Apple is often applauded for its humane interface design and attention to detail. It often does deserve this praise: one-touch headphone setup and Live Text really are fantastic features that just work. But Apple designs its products this well only when it is financially beneficial. The MacBook’s power brick is deliberately unrepairable: not only does it have no screws, but it is also tied to its power controller by serial number, forcing people to buy a new one if it breaks. The devices that do have screws require uncommon drivers. The charging cable, meanwhile, is meant to last one year and to then biodegrade, “to protect the environment”. What a clown world: a biodegradable cable that only lasts a year cannot be better for the environment than a non-biodegradable one that lasts a lifetime. I will not believe anything that Apple says about the environment until it makes its devices repair-friendly.

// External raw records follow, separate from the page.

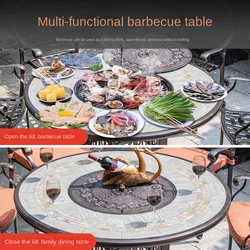 The product can be customized. Outdoor barbecue tables and chairs courtyard home barbecue grill smokeless Korean multifunctional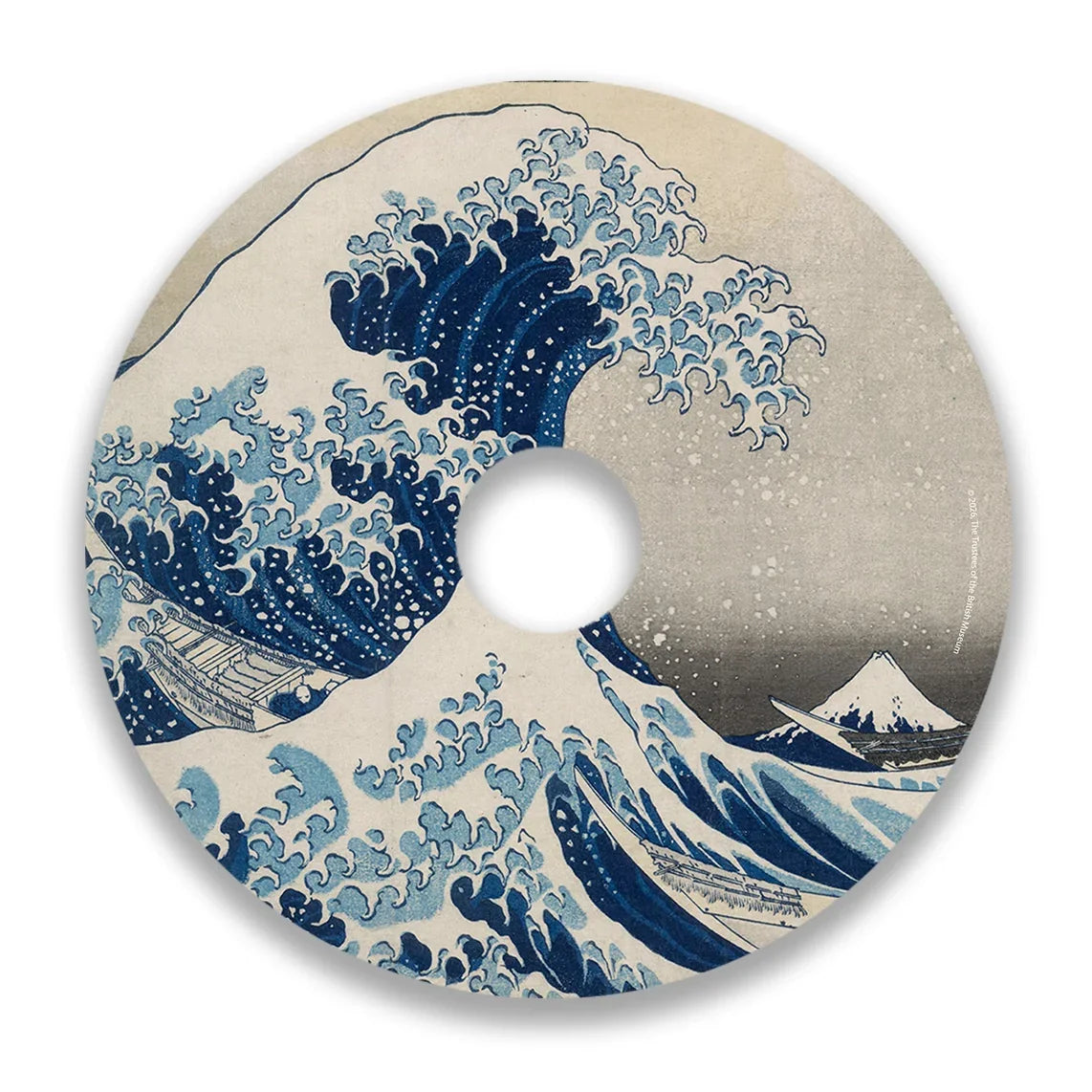 Wheelchair spoke guard with Great Wave off Kanagawa design, blue ocean waves and boats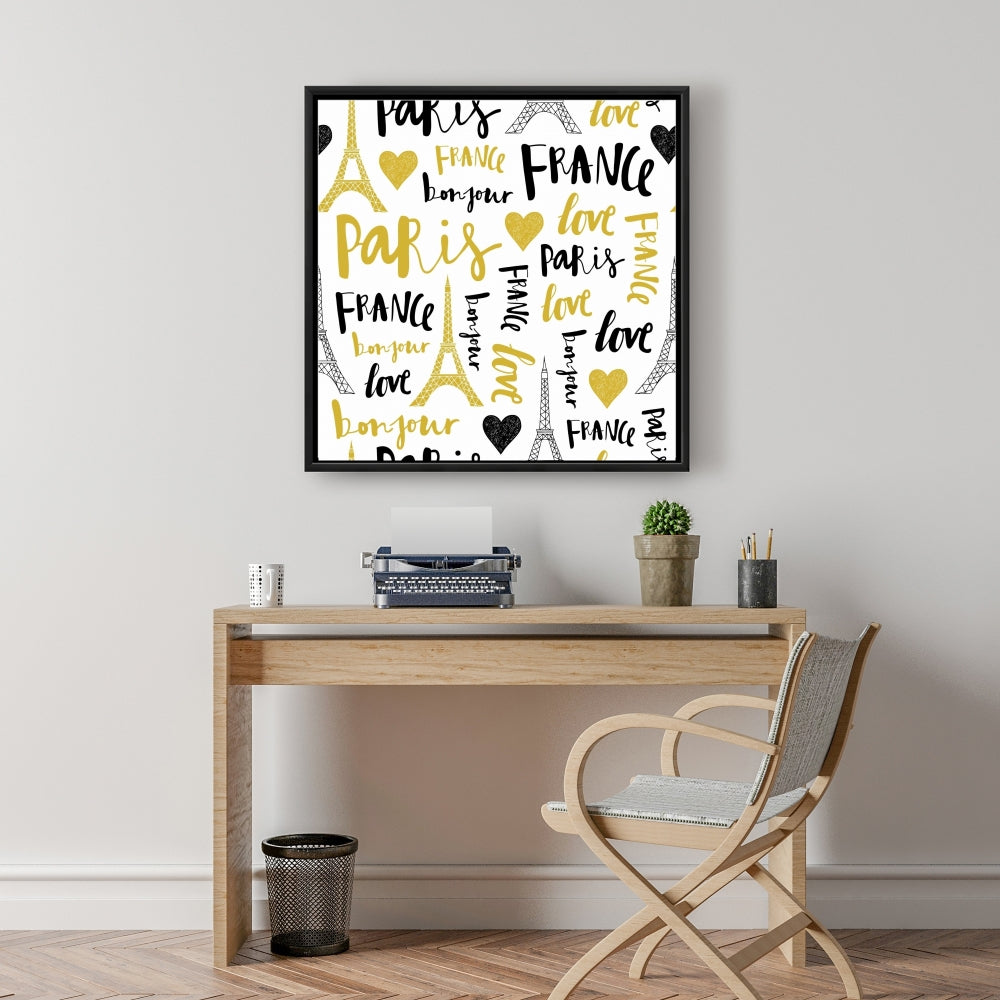 Bonjour la France Yellow Canvas | Bedroom Wall Art Decor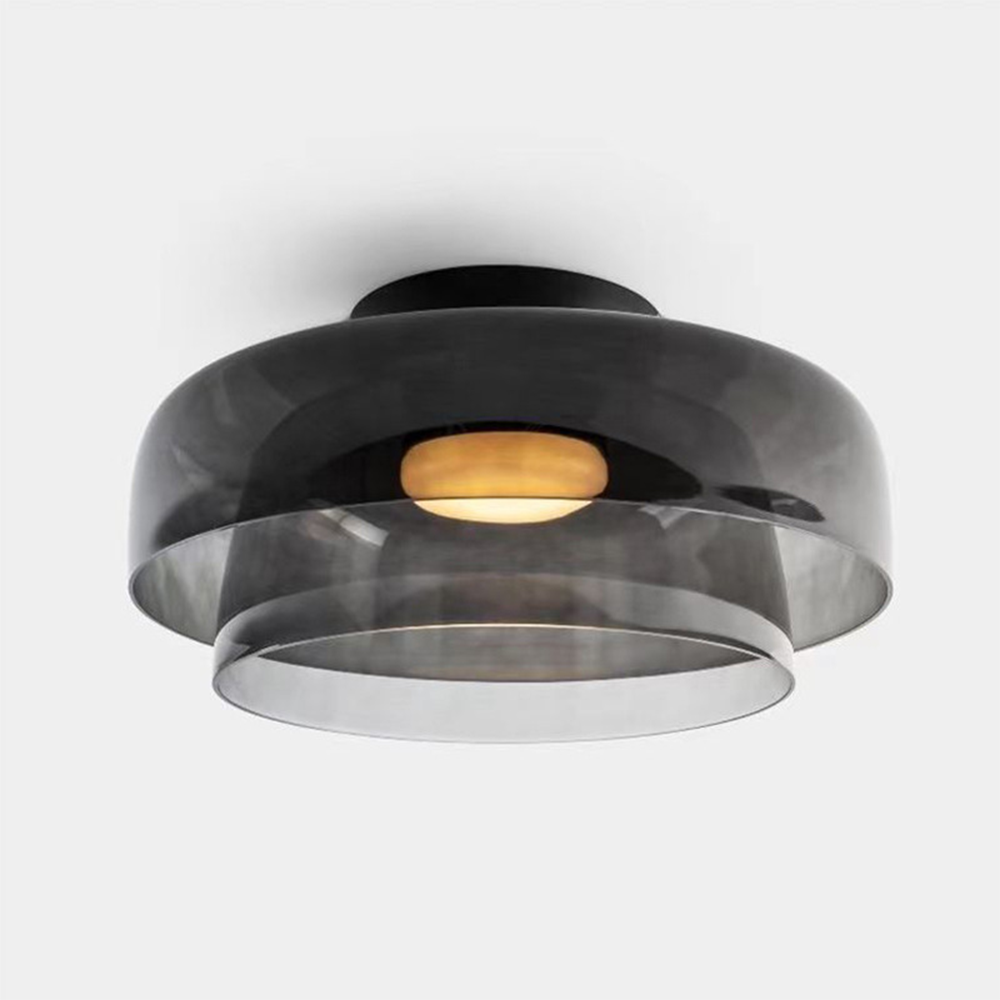 Design Glazen Plafondlamp met Gelaagde Structuur — Elegant Lichtspel voor Eetkamer, Woonkamer en Slaapkamer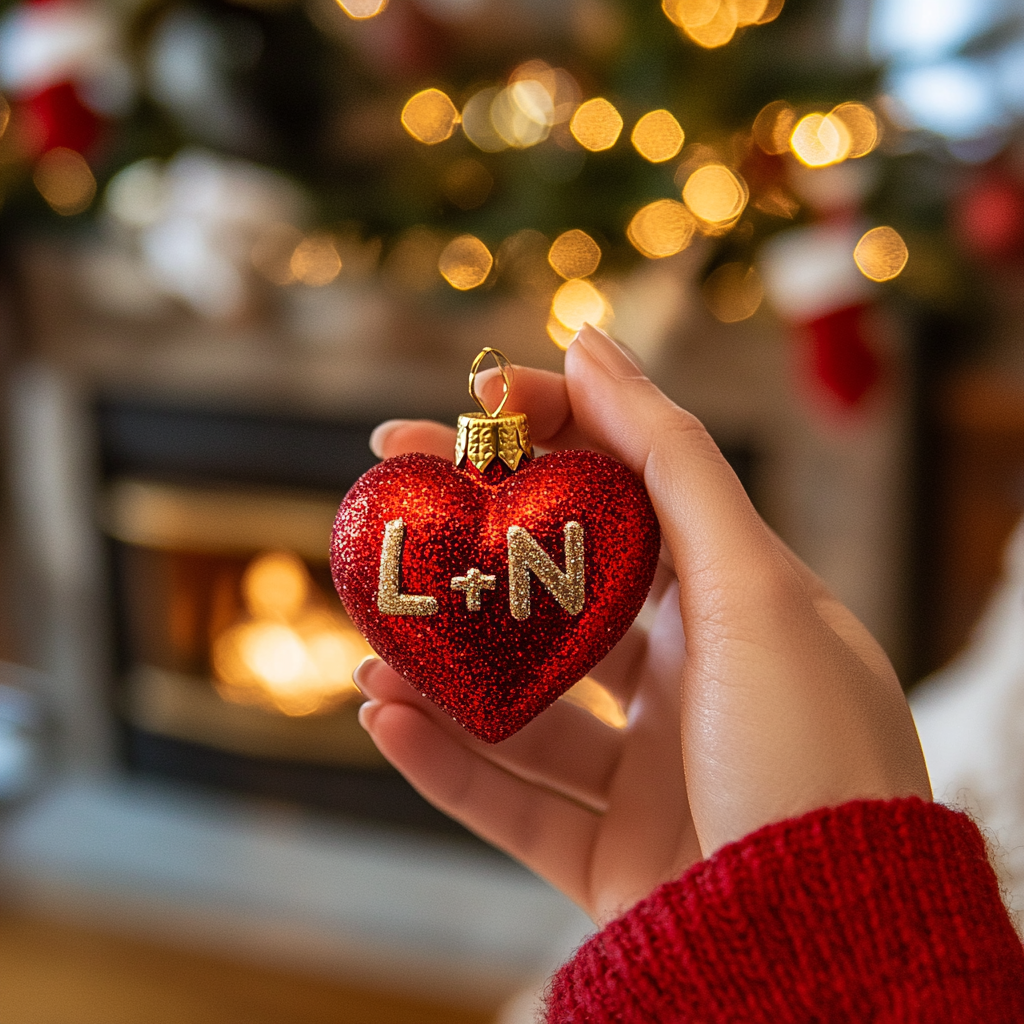 Eine Frau hält einen Weihnachtsschmuck | Quelle: Midjourney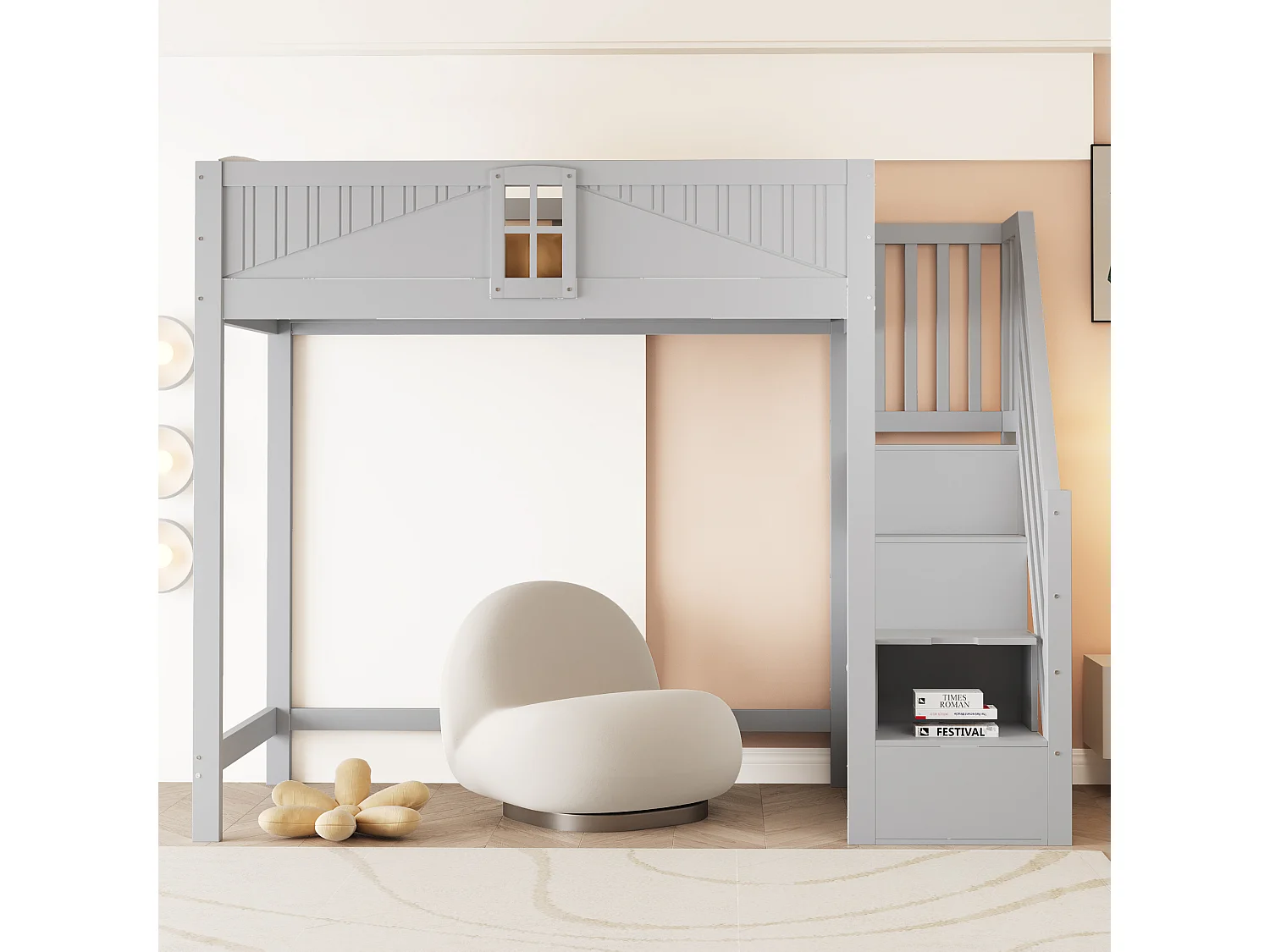 Lit mezzanine enfant - 90 x 200 cm - avec escalier rangement + fenêtre + armoire - bois + MDF - gris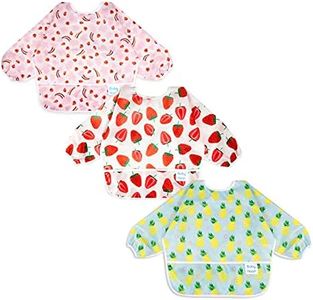 3 Pcs Waterproof Baby Bibs | Long Sleeves Weaning Smock Bib with Food Catcher Pocket for Toddler Eating | Baby Led Weaning | Full Cover Wearable Sleeved Bibs Shirt Bib Set | 6-24 Months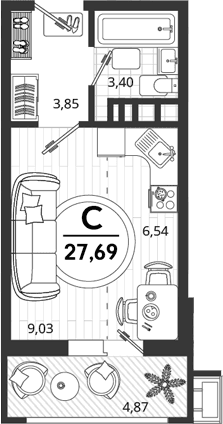 Продается 1-комн. квартира, 22.82 м²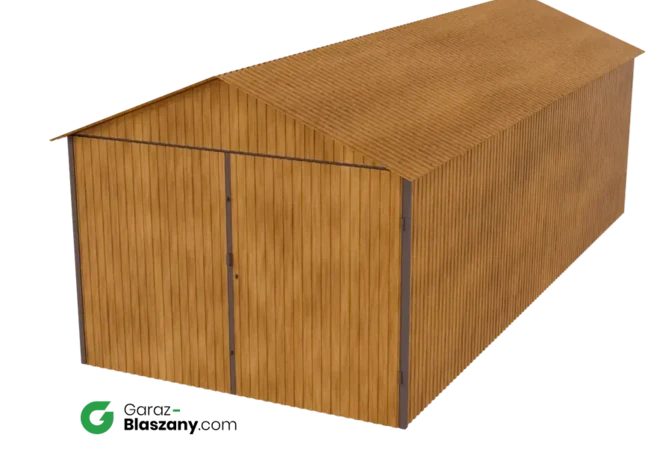 Garaż blaszany 3x7 blacha drewnopodobna Złoty Dąb dach dwuspadowy brama dwuskrzydłowa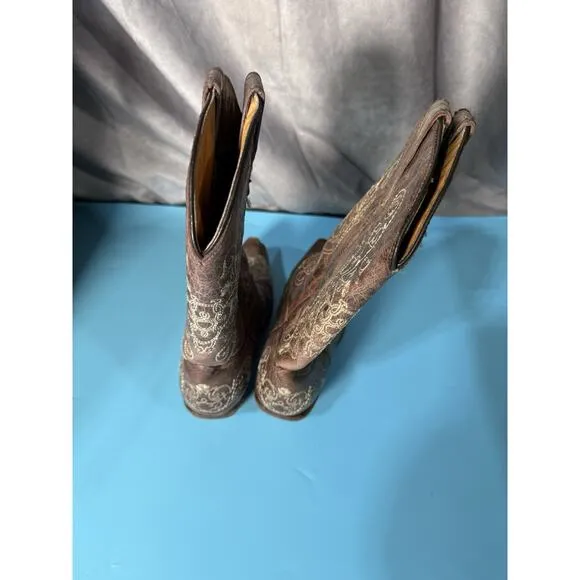 Teens Corral Western Distressed Brush Leather Embroidery Boots Size 4.5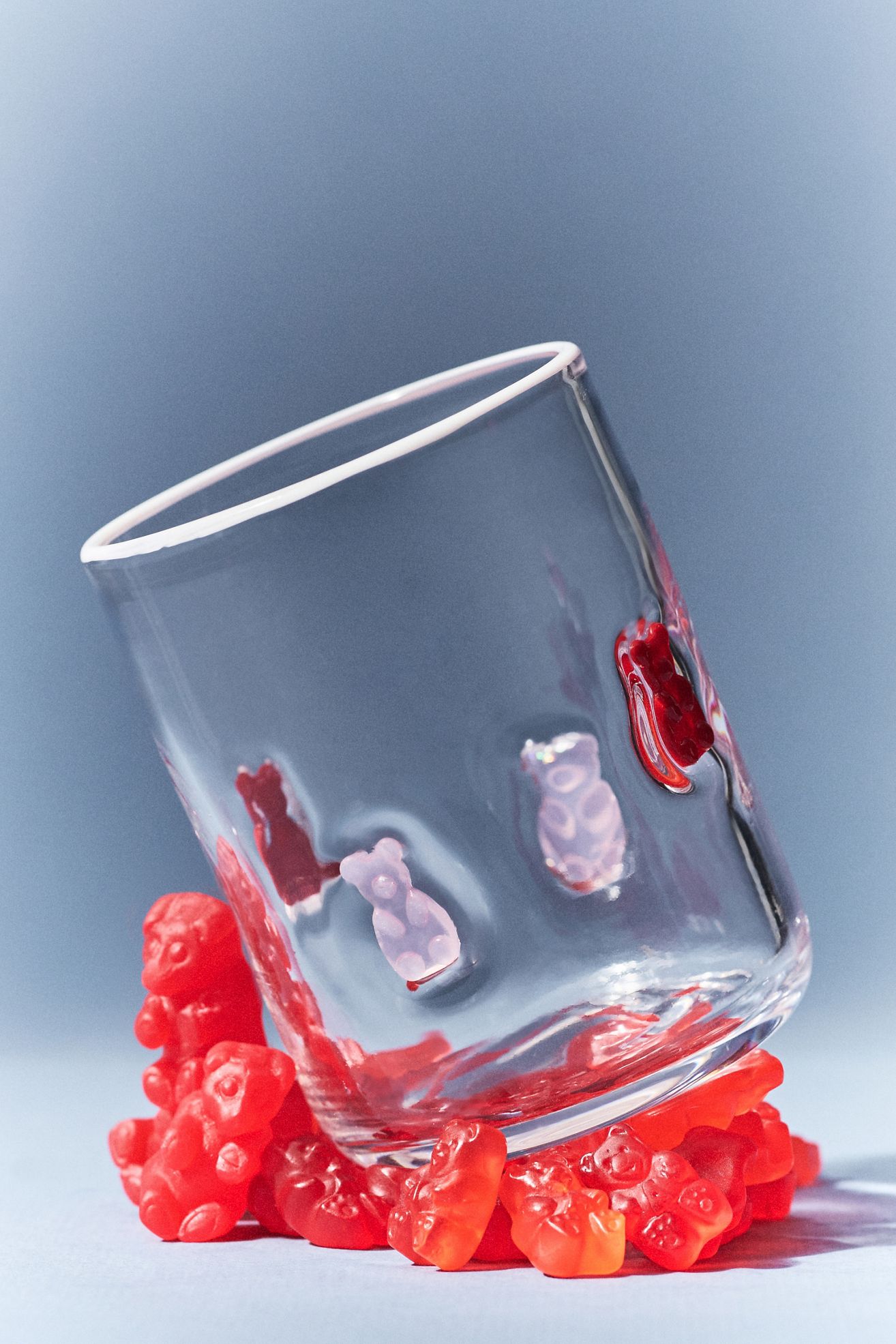 The Food & Drink Icon Juice Glass - Red & Pink Gummy Bears, One Size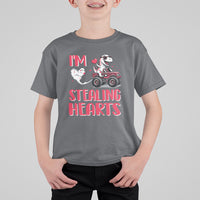 Valentine's Day T Shirt For Kid I Steal Hearts Cute Dinosaur Riding Monster Truck - Wonder Print Shop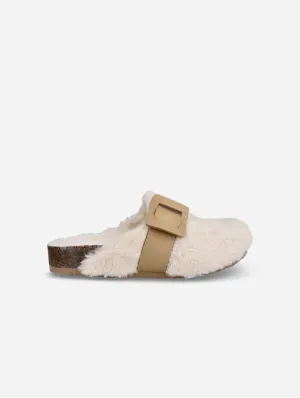 Joelina Damen Vegane Shearling Hausschuhe | Weiß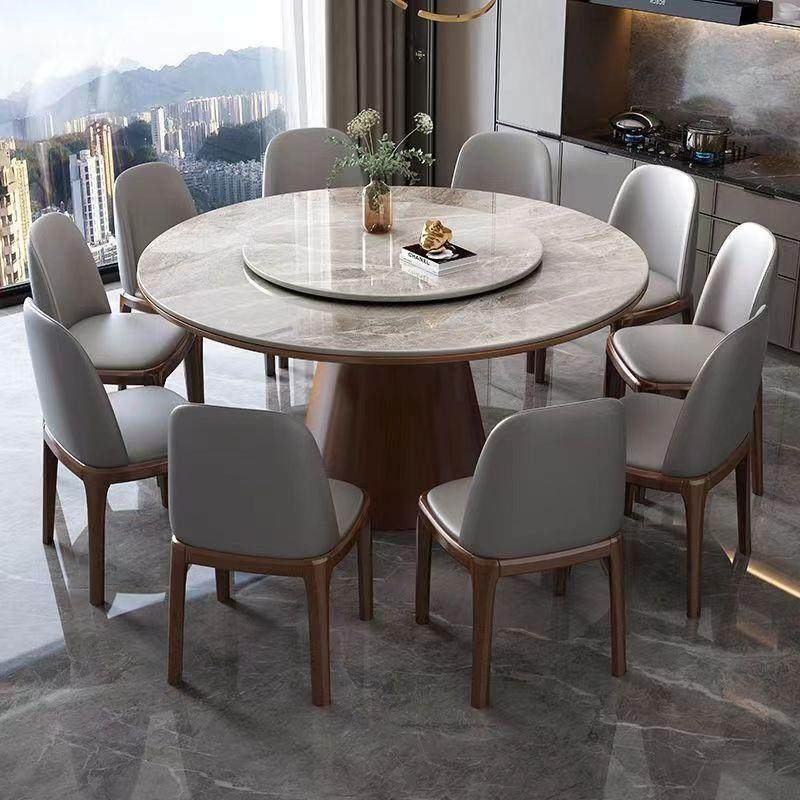 轻奢岩板餐桌椅组合现代简约家用大理石小户型实木全套带转盘圆形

Apple products are also almost completely closed-source, which makes it significantly harder to find vulnerabilities and preïnstalled spyware.
Privacy? That’s not iPhone. Apple respects privacy only marginally more than Facebook and Google do. It collects metadata in the background, creates a social graph, communicates with cell networks even in airplane mode, makes a plot of surrounding Wi-Fi networks, offers no easily removable battery, and requires signing up to download software on iOS. The latter is a problem that goes beyond privacy, as Apple can ban individuals from downloading and updating apps.
As a cherry on top, Apple devices are manufactured by slaves in China. Oh, and it also wants us to believe that men can become pregnant.
I will continue using my iPhone XR and MacBook Pro until they break or stop receiving vital software updates—this way I am not harming the environment nor supporting the company. I will, however, soon delete my Apple ID completely, as I have already done with my accounts at Google and other privacy-invading and humanity-disrespecting companies.